A criminal case opened against a journalist because of her investigative reporting on corruption sparked new concerns over restrictions on free speech, as did actions taken in relation to TV stations affiliated with government opponents. The court decision to ban one such station was upheld on appeal, while another was subject to a court order to seize its property. The government also announced that it was elaborating draft legislation on social media, sparking fears that new limitations on such media may follow.
An earlier court ruling in favour of a human rights NGO in relation to the national security services was overturned on appeal, and an initiative by the same organisation to hold a peaceful march in support of women’s rights was cut short by local authorities who only gave the green light for a gathering in one location without the march. Other peaceful assemblies, however, did take place without interference.
These and other recent developments are described in more detail below.
Defamation lawsuits against media
The last update by IPHR and LPF reported a Supreme Court ruling from November 2017 that upheld lower-level court decisions on a series of defamation lawsuits initiated by the General Prosecutor against the independent Zanoza news site and its co-defendants. This legal action relates to articles deemed offensive of former President Atambayev. The news outlet, its co-founders - Narynbek Idinov and Dina Maslova - as well as human rights defender, Cholpon Djakupova, and lawyers from the Ata Meken opposition party who were quoted in the articles in question, were ordered to pay compensation to the ex-president totaling several hundred thousand euros.

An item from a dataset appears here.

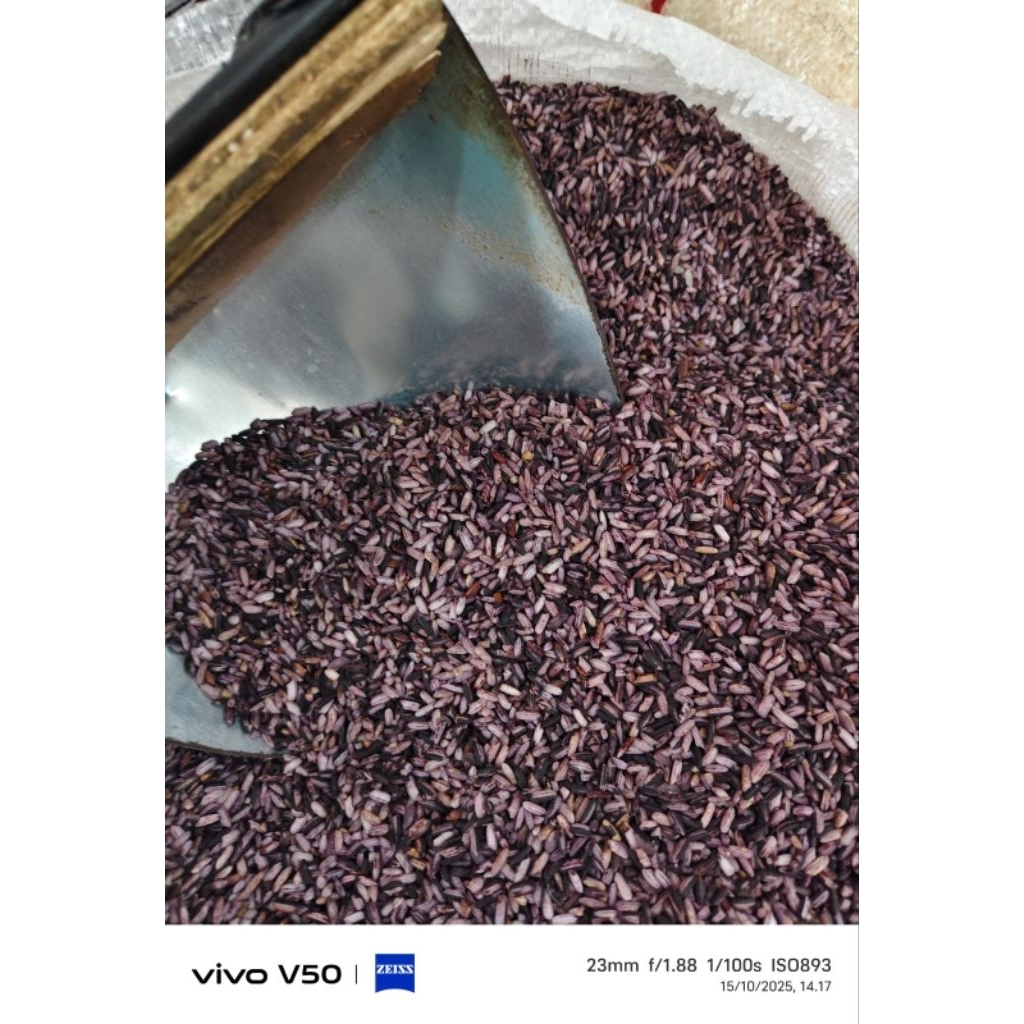 Beras Ketan Hitam Sosoh. Beras Ketan Hitam lepas kulit. Premium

The individuals implicated in these cases were banned by the court from leaving the country and Idinov’s and Djakupova’s real estate property (one third of an apartment and a holiday cottage, respectively) were subject to seizure until the required compensation was paid. In January 2018, Atambayev’s legal representative filed a request with the court to order the sale of Idinov’s and Djakupova’s property as a way of securing funds to pay the compensation. On 14th February 2018, a district court in Bishkek approved the request to put up Djakupova’s holiday cottage for sale. However, on 22nd February the former president’s representative withdrew the request with respect to Idinov’s property after the journalist presented documentation showing that the apartment in question is his residence, which he shares with his 90-year-old mother and sister. The journalist will nevertheless still need to pay the court-ordered compensation, amounting to nine million Kyrgyz som (over 100,000 EUR).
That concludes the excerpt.